Bild: Ankündiger für „Dr. Who: Fest der Liebe“
Dr. Who: Kapitalisten erweichen
[1][Doctor Who] ist nicht nur ein zeitreisender Alien der BBC und das schon
seit 1963. Heißt, es ist schwer, sich zwischen den vielen
[2][Weihnachts-Specials] zu entscheiden. Jedes Jahr wieder. Alle paar Jahre
wechseln die Darsteller*innen und auch der Charakter des Doktors ändert
sich. Soll es der grummelige Doktor sein? Der neue? Der schottische?! Für
mich meistens: der lustige, chaotische mit der tragischen Liebesgeschichte,
der 11. (Matt Smith). So sollte Weihnachten sein, im Idealfall ohne
„tragisch“ vor „Liebesgeschichte“. Aber selbst der 11. Doktor hat mehre…
Specials.
In meiner Lieblingssendung schwimmen Haie bei Nebel aus den Wolken in die
Stadt, während der Doktor versucht, einen Ultrakapitalisten zu erweichen,
der Schuldner*innen einfriert. Charles Dickens’ „Weihnachtsgeschichte“,
nur mit mehr Fisch und Technik. Aber statt wie der „Geist der vergangenen
Weihnacht“ dröge einen emotional misshandelten Jungen vorzuführen, besucht
der Doctor – Zeitreisender! – ihn einfach jedes Weihnachten wieder und
schenkt ihm, was allen Kindern zusteht: Abenteuer, Zuneigung und Momente
der Hoffnung. Johannes Drosdowski
„Doctor Who: Fest der Liebe“, Staffel 5, Episode 14, AppleTV
The Bear: Zusehen ist Stress pur
Vielleicht ist die Weihnachtsepisode von [3][„The Bear“] die
unweihnachtlichste, die je geschrieben wurde. Eigentlich eine ästhetisch
Serie über einen Spitzenkoch, der den Sandwich-Shop seines verstorbenen
Bruders in Chicago übernimmt. Doch ästhetisch ist in dieser
Rückblicksepisode nichts. Die betrunkene Mutter (Jamie Lee Curtis) kocht
in einer vollkommen verdreckten Küche das Weihnachtsessen für die
Großfamilie: Die Butterbrote werden mit der Hand geschmiert, in der anderen
muss schließlich der Rotwein gehalten werden. Es gibt kaum eine Szene, in
der nicht mindestens drei Personen gleichzeitig schreien.
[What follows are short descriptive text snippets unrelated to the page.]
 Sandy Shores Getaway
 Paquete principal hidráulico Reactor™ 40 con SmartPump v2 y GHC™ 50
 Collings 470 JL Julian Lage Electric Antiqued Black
Alle Traumata, Süchte, psychischen Erkrankungen und ungelösten
Streitigkeiten der Familie Berzatto kommen auf den Tisch. Zwischendurch
schrillt immer wieder die Küchenuhr wie eine Sirene. Neben all dem
zwischenmenschlichen Stress will ja auch noch das „Fest der sieben Fische“
zubereitet werden. Als Zuschauer_in muss man eigentlich alle 5 Minuten auf
Pause drücken, um selbst nicht vollkommen den Verstand zu verlieren.
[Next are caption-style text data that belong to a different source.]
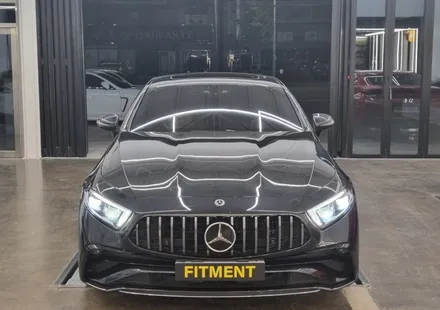 [핏먼트 울산]벤츠 C257 CLS 클래스 순정 멀티빔 LED 헤드램프 제대로 시공해보기! 라이트 하나 바뀌었을 뿐인데 세상이 달라 보이네??? 레트로핏 튜닝은 저희가 잘합니다.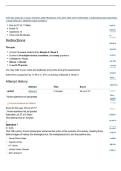 HIST 502 MODULE 5 QUIZ&colon; HISTORY AND PROGRESS&colon; THE 18TH AND 19TH CENTURIES &vert; QUESTIONS AND ANSWERS &vert; 2026 UPDATE &vert; VERIFIED 100&percnt; CORRECT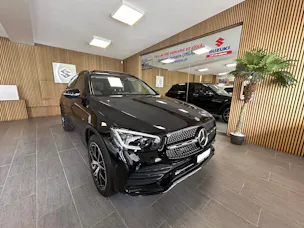 Mercedes-Benz GLC 300 e AMG Line 4m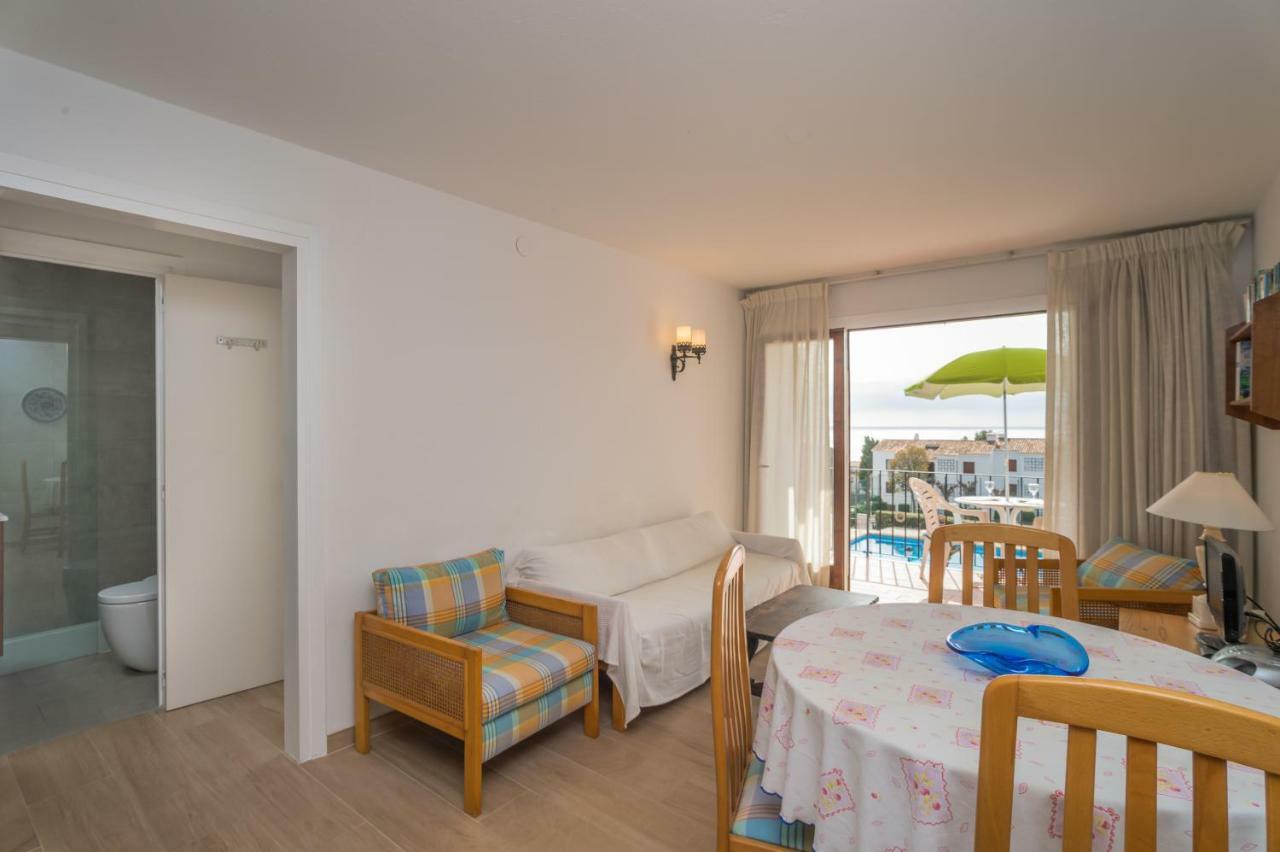 M-1 Calella De Palafrugell 4 Pax Apartment Luaran gambar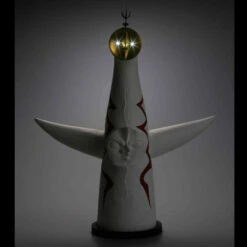 Tower Of The Sun (Taiyo No To) 1/144 Scale Soft Vinyl Model -Bandai Sales Store tower of the sun taiyo no to 1144 scale soft vinyl model 1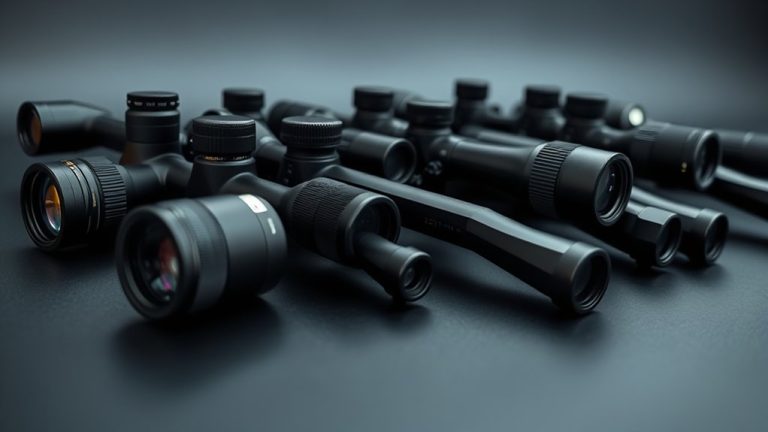 top mid range ar optics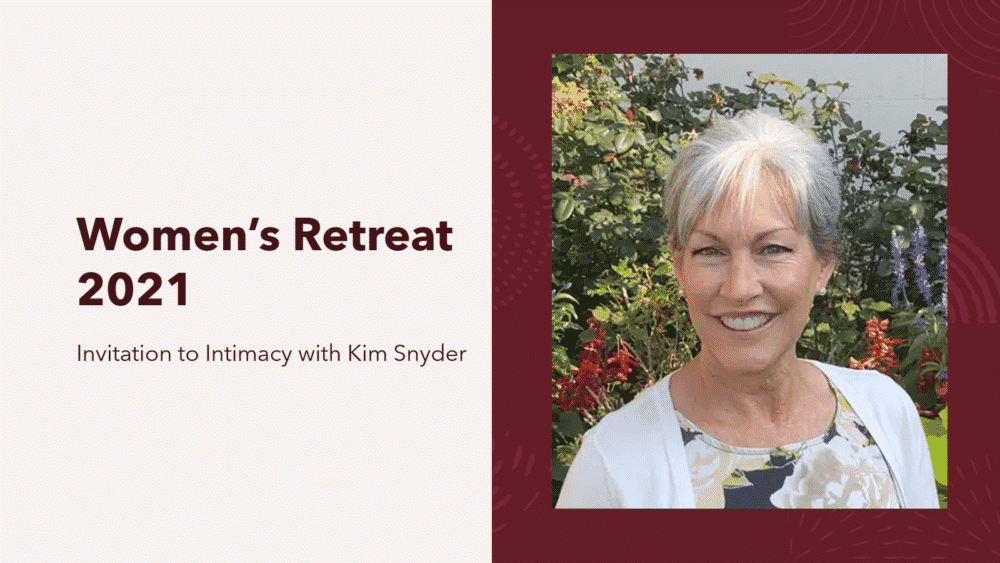 Women\'s Retreat 2021 Hour 2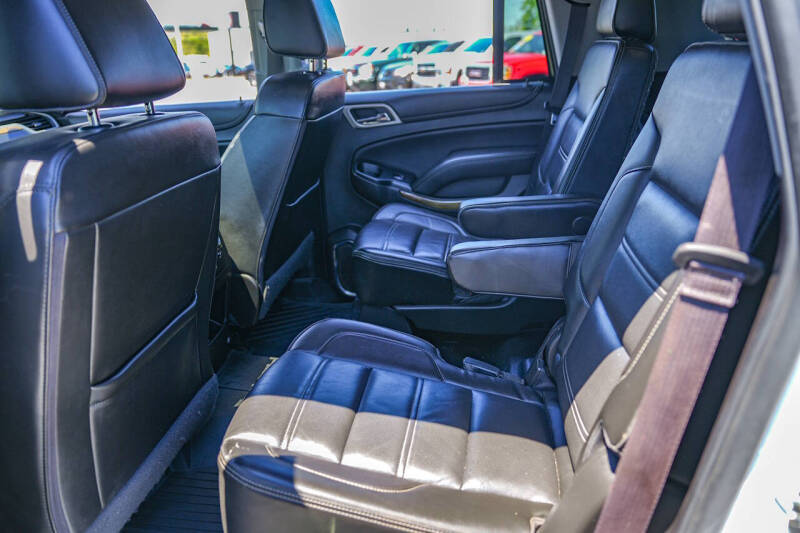 2015 GMC Yukon XL Denali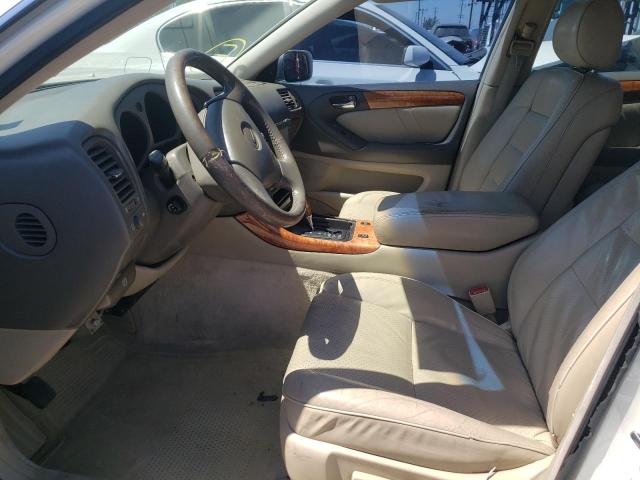 Photo 5 from auction – 2000 LEXUS GS 300 with VIN JT8BD68SXY0101725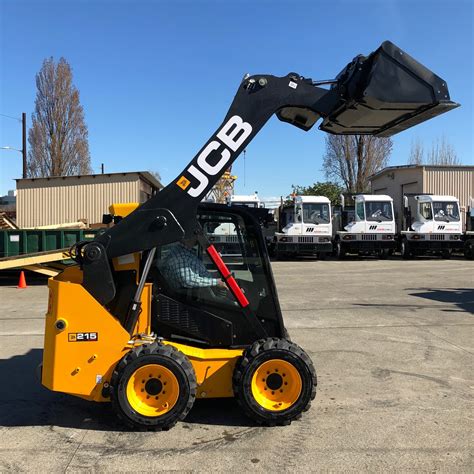 jcb skid steer sale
Zusehen ist Stress pur! Zugleich kann man nicht abschalten und muss bis zum
Ende schauen, wie der Versuch, ein Familienweihnachtsfest zu feiern,
Schritt für Schritt eskaliert. Wenn man die 1 Stunde und 6 Minuten hinter
sich gebracht hat, denkt man: Vielleicht ist die Weihnachtsepisode „The
Bear“ die beste, die je geschrieben wurde. Carolina Schwarz
„The Bear: Fishes“, Staffel 2, Episode 6, Disney Plus
Big Bang Theory: Problemfrage Geschenk
Ach, Weihnachten: Das Fest der Liebe, der Familie – und der Panik, das
perfekte Geschenk finden zu müssen. Für Sheldon Cooper, Genie und sozialer
Elefant im Porzellanladen, gleicht das einem hochkomplexen physikalischen
Experiment. Als Penny verkündet, dass sie ein Geschenk für ihn hat, ist
Sheldon weniger erfreut als gestresst. „Du fühlst dich selbstlos, aber du
legst mir eine Verpflichtung auf!“ Der Mann hat einen Punkt. Der
„Badeartikel-Geschenk-Hypothese“ folgend versucht er, das perfekt
gleichwertige Geschenk zu finden.
Nach einer peinlich genauen Analyse verlässt er den Laden mit sechs (!)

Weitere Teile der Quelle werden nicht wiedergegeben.